Generally the frame bag is focused on food, clothing, toothbrush, sunblock, tools, maps, etc. If the item is used at camp it goes on the bars or in the rear bag.


----------



## SuPrBuGmAn (Jun 20, 2009)

Change of clothes, water bottle, and snacks pretty much fills mine up... and its on a HT.


----------



## baker (Jan 6, 2004)

febikes said:


> I pack my bike with an interest in putting stuff that needs to be accessed quickly in the framebag.
> 
> My seat bag is somewhat harder to access and my sleep system is on my bars. The frame bag has zippers that are easy to access.
> 
> Generally the frame bag is focused on food, clothing, toothbrush, sunblock, tools, maps, etc. If the item is used at camp it goes on the bars or in the rear bag.


I follow the same logic, keeping camp stuff on the bars/seatbag and stuff I need to access easily in the frame bag.


----------



## D45yth (Jan 30, 2009)

Even though I don't have a frame bag, I thought the best thing to do was to put your heaviest items in one? Weight at either end of the bike, especially over the bars, can alter the handling a lot more than having it centred. I have a bar/seat bag combination and the weight I have on the bars would be better put elsewhere.


----------



## AcuNinja (Jun 8, 2008)

Thanks for the feedback.

My FS frame (Maverick Durance) has very little space in the triangle, so it won't hold much.
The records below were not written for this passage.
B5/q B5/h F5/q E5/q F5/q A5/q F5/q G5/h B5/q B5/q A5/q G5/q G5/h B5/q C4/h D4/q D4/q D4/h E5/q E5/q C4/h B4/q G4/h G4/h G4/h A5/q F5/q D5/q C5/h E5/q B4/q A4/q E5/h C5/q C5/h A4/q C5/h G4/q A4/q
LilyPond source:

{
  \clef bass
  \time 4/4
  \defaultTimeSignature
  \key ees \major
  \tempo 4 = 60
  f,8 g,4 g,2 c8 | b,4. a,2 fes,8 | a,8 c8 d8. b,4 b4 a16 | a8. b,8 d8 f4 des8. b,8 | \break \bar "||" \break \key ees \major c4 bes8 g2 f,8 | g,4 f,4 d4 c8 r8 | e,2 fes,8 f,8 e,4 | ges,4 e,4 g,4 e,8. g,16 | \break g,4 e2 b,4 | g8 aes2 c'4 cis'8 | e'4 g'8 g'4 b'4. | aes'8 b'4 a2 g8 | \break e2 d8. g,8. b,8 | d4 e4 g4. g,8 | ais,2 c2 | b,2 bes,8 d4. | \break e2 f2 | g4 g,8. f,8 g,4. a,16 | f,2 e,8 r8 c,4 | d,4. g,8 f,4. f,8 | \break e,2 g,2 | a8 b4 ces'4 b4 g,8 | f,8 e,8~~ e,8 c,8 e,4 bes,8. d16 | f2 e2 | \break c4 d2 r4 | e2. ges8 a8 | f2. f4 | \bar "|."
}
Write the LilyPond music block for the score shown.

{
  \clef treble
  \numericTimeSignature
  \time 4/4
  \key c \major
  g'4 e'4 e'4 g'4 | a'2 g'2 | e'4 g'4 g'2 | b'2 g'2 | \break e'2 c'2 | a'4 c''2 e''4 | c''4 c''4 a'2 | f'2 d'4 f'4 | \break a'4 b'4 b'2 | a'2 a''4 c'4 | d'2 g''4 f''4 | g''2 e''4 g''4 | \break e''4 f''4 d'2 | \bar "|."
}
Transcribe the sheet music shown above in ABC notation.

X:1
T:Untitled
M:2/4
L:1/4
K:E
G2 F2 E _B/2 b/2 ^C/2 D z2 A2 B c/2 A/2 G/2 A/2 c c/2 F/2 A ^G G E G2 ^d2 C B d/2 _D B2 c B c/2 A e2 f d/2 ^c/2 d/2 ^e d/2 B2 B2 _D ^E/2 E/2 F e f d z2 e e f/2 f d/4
I'm debating if it's even worth the expense of getting a custom frame bag to go in that tiny space. 

So naturally the idea was "Well, see what people put in there, and decide if it's worth it or not."

I have an old hip pack that straps nicely to the bars, and I'm in the process of developing a seatpost solution that might work with the funky suspension design of my bike.


----------



## Rabies010 (Jan 20, 2011)

Wtih a FS you could always try the cheaper of the shelve framebag from Jandd.
Frame Pack
I don't have a FS, but i could always carry enough stuff in it.
But now that i have a full-size frambag, i find myself carrying way more stuff then i need on a simple trip.


----------



## ImaFred (May 16, 2009)

Rabies010 said:


> Wtih a FS you could always try the cheaper of the shelve framebag from Jandd.
> Frame Pack
> I don't have a FS, but i could always carry enough stuff in it.
> But now that i have a full-size frambag, i find myself carrying way more stuff then i need on a simple trip.
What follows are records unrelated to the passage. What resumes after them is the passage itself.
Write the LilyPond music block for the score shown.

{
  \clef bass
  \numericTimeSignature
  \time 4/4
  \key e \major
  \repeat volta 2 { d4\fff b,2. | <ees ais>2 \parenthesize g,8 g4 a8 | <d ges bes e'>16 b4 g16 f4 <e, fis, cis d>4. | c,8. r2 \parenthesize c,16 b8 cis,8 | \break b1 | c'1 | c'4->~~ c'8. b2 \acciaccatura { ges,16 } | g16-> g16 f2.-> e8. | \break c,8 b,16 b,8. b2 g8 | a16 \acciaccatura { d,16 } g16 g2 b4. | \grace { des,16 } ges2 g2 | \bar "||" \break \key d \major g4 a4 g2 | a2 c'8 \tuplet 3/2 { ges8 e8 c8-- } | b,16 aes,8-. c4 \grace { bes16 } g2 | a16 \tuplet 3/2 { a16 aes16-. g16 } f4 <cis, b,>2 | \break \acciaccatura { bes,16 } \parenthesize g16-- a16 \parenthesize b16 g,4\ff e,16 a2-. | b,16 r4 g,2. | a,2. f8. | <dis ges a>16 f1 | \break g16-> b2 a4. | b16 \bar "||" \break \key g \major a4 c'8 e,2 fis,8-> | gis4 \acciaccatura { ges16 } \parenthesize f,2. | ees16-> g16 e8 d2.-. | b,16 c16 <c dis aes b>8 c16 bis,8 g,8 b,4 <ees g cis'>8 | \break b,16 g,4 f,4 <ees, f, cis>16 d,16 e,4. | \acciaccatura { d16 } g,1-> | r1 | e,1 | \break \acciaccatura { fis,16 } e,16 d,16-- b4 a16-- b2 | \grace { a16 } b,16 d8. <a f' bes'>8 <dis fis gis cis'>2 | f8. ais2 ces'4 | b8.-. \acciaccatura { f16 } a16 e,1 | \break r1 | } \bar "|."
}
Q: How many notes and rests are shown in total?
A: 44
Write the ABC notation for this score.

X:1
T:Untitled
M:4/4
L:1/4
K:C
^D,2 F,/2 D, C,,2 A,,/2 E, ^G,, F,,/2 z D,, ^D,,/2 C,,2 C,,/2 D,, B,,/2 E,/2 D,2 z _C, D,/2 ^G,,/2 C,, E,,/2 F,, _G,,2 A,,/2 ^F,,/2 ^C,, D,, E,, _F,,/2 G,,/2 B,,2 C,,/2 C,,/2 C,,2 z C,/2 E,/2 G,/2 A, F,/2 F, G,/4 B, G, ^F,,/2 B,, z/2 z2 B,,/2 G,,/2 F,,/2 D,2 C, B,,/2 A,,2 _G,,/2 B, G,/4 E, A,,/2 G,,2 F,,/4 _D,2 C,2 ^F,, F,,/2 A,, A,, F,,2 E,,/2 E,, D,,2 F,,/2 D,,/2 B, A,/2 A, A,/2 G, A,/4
That's what I'm using.... $30....can't beat it


----------



## Rabies010 (Jan 20, 2011)

Yep, can't beat the price and the extra space (and comfort) you get in return.

As the OP wanted to know what we all carry around.
Standard items in my framebag are :

Leatherman multitool
Lezyne biketool.
Small flashlight or Petzl headlight.
Spare tire and patches.
Handpump
Spare chain link and some extra allen-bolts and nuts.
Tape.
Small bottle of chainlube.
Tissues.
Nitrile gloves.
Alcohol based hand sanitiser. (doubles as fuel for fires)
Survival match. (small metal canister containing zippo fuel and wick/flint conbination)
Small cotton rag.
30ft of 550 paracord.

And i still have to stick some extra TP and spokes in my seattube/post and find or make a small first aid kit.


----------



## SimpleJon (Mar 28, 2011)

Beer - but you can get bigger bottles in panniers


----------



## Rabies010 (Jan 20, 2011)

SimpleJon said:


> Beer - but you can get bigger bottles in panniers


Good call.
But i might surpise you in the near future, stay tuned......


----------



## SimpleJon (Mar 28, 2011)

On a recent 2 nighter we found out there were huts with stoves, fuel and cooking gear etc that we could use for a few dollars when we got to the trail start. So we ditched the camping gear and carried whisky, beer, steaks and other luxuries instead - It was Bliss


----------



## Rabies010 (Jan 20, 2011)

SimpleJon said:


> So we ditched the camping gear and carried EVEN MORE whisky, beer, steaks and other luxuries instead


Fixed it.


----------